Termasuk dalam kategori hak mutlak adalah
hak asasi manusia, hak publik mutlak (misalnya hak negara dalam memungut pajak
rakyat), juga hak keperdataan (misalnya hak perwalian atau voogdij).
2. Hak nisbi atau hak relatif, yaitu hak yang memberikan wewenang
kepada subjek hukum tertentu untuk menuntut supaya seseorang tertentu
memberikan sesuatu, melakukan sesuatu, atau tidak melakukan sesuatu.
Hak nisbi ini sebagian besar terdapat
dalam hukum perikatan yang menjadi bagian dari lingkup hukum perdata. Misalnya
dalam hubungan hukum jual beli, terdapat hak nisbi berupa: hak penjual untuk
menerima pembayaran dan kewajibannya menyerahkan barang kepada pembeli; serta
hak pembeli untuk menerima barang dan kewajibannya untuk melakukan pembayaran
kepada penjual.
Hak nisbi baru akan lahir manakala dimulai
dengan adanya hubungan hukum antara beberapa subjek hukum.
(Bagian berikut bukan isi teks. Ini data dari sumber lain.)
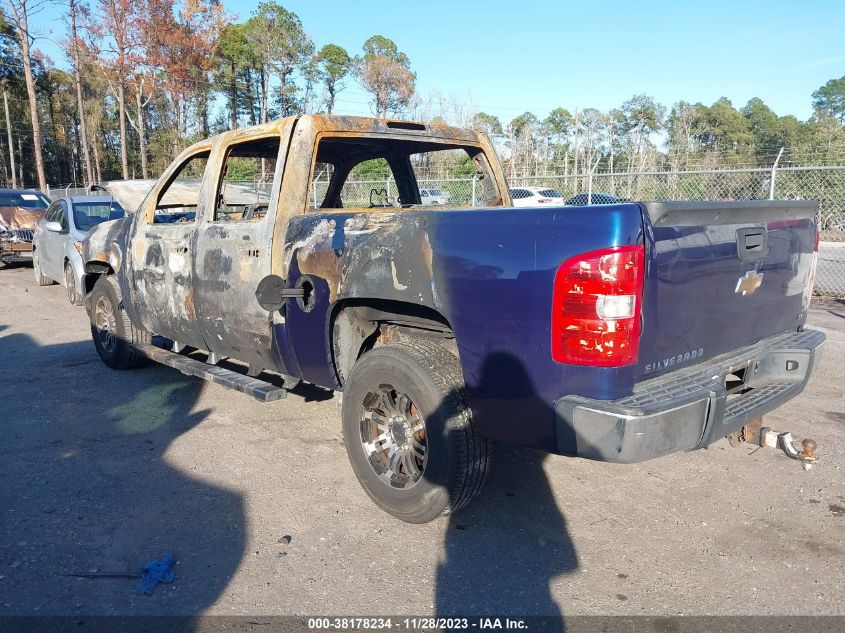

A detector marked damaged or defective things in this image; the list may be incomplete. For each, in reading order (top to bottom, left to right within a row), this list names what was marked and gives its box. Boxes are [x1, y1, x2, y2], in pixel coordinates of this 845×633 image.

burned pickup truck [0, 188, 50, 266]
burned pickup truck [84, 116, 824, 520]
Antara hak dan
kewajibannya pun biasanya saling silang antara kedua subjek hukum, subjek hukum
pertama haknya menerima uang dan kewajibannya menyerahkan barang, sementara
subjek hukum kedua haknya menerima barang dan kewajibannya menyerahkan uang.
[1] Ibid, hlm. 148.
[2] Ibid.
[3] Lihat Kamus Besar Bahasa Indonesia.
[4] Hans Kelsen, 2006, Teori Umum Tentang Hukum dan Negara, Cetakan ke-1, Bandung : Nusa
Media dan Nuansa, hlm. 113.
[5] Sakta Mahadiwya Prasetya, 2007, Hak Anak Untuk Memperoleh Pendidikan Sebagai
Hak Asasi Manusia di Indonesia, Salatiga : FH UKSW, hlm. 83.
[6] Bambang Sunggono dan Aries Harianto, 2001,
Bantuan Hukum dan Hak Asasi Manusia,
cetakan ke-2, Bandung: Mandar Maju, hlm. 83.